Houston attorney Paul Simon wrote an excellent Letter to the Editor of the Houston Chronicle this week:
For the fourth time in recent memory, business interests and insurance companies want to further tilt the scales of justice in their favor. Called tort reform and pitched as being aimed only at frivolous lawsuits, the reality of these proposals is far different than the rhetoric used to justify them.
First, the system already deals harshly with frivolous cases. How do I know? I recently won $25,000 in sanctions for my clients when a judge agreed the other side’s lawsuit was frivolous. So what is a frivolous lawsuit? It is one that no sensible person believes is valid.
When someone wins a lawsuit, the judge, jury, court of appeals and Texas Supreme Court all believed that the case was valid — which proves just how wide the gulf is between the reality and the rhetoric of tort reform: These proposals don’t stop frivolous lawsuits; they simply limit liability in meritorious ones. The BPs, Halliburtons and Wall Street interests aren’t spending millions to stop frivolous cases. Their aim is to make it so difficult for you to sue them that they are effectively immunized from personal responsibility in valid cases.

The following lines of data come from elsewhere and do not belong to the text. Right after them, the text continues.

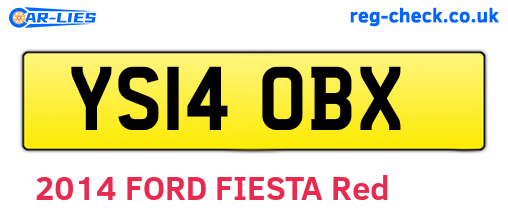 YS14OBX are the vehicle registration plates.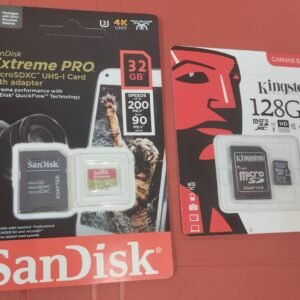 SanDisk / Kingston microSD Memory Card – 32GB & 128GB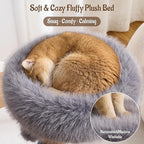 33" Modern Cat Tree for Indoor Cats, Aesthetic Natural Wood Cat Tower with Branch-Style Scratching Posts, Luxury Plush Faux Fur Cat Bed with Natural Loft, Perch & Hanging Ball, Almond Khaki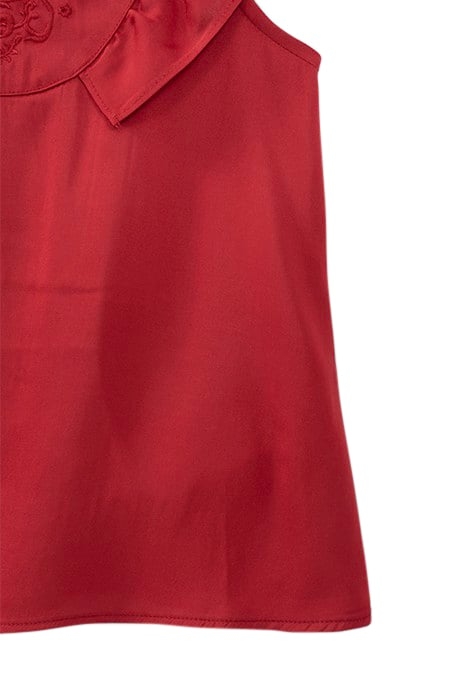 GIRLS’ RED SLEEVELESS BLOUSE 6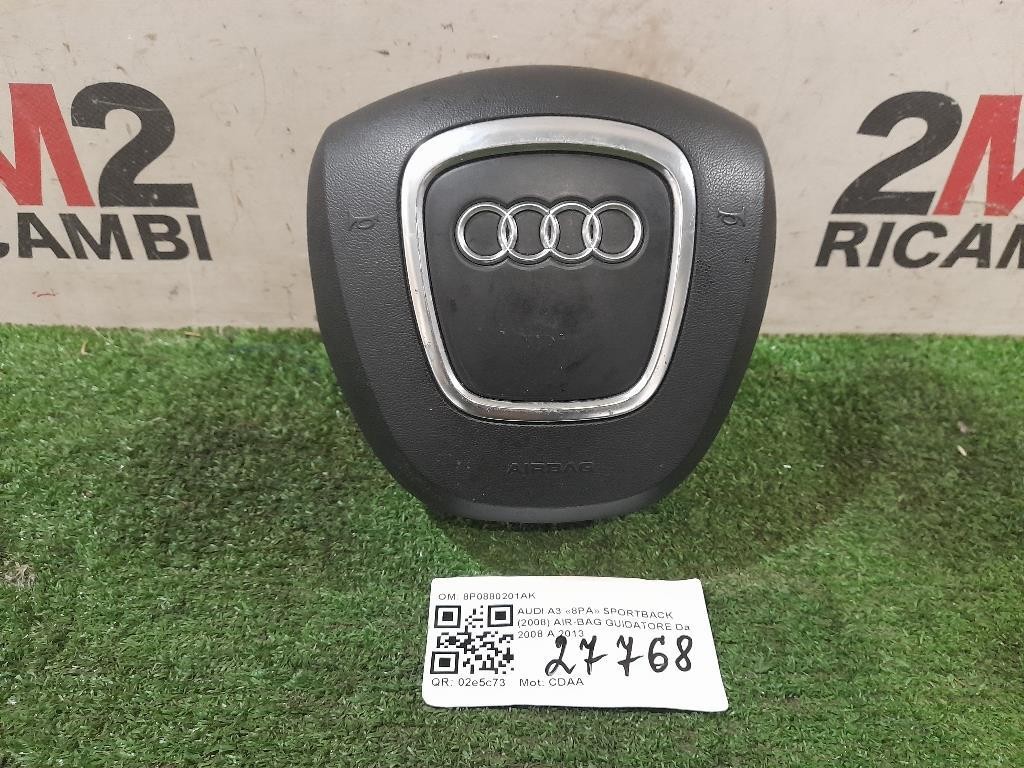 Air-bag Guidatore 8P0880201AK Audi A3 8PA Sportback 2008
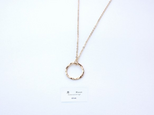 【14kgf】月ネックレス / 槌目 / S（40cm）ゴールド　チェーン　華奢　シンプル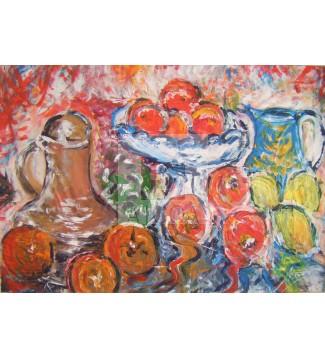 Bodegon con frutas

One example is when legislators took away from judges and juries the power to assess damages in medical cases and set a one-size-fits-all cap, regardless of how badly a patient was injured. Touted as ridding us of frivolous lawsuits, the cap only comes into play after a jury decides that the patient was so badly injured that his damages exceeded $250,000. (Remember how we were told the cap would make health care affordable? You know how it didn’t.) The truth of the matter is that the cap was not aimed at frivolous cases to reduce health care costs; it was aimed at making medical cases so difficult that patients wouldn’t file valid claims, much less frivolous ones.
One proposal business interests and insurance companies are running up the flagpole now is called “loser pays.” Sounds good on the surface (and the lobbyists hope the name sticks), but it will only apply to claimants, not defendants. The bottom line is that, because most trials are “he said, she said,” if you have a real claim with real damages, you would have to weigh your decision to seek justice not simply on the merits of your case, but on the fear of having to pay your opponent’s legal bills if you lose. But that’s not the worst part; the worst part is that businesses and insurance companies won’t face that same fear. They can force you to hire an attorney, delay paying you for years while your case works its way through the courts, but won’t ever fear paying your legal bill when the jury holds them responsible. Why two sets of rules? Because they want to rig the system and lock the courthouse doors to all but those who hold its key – those with lots of money.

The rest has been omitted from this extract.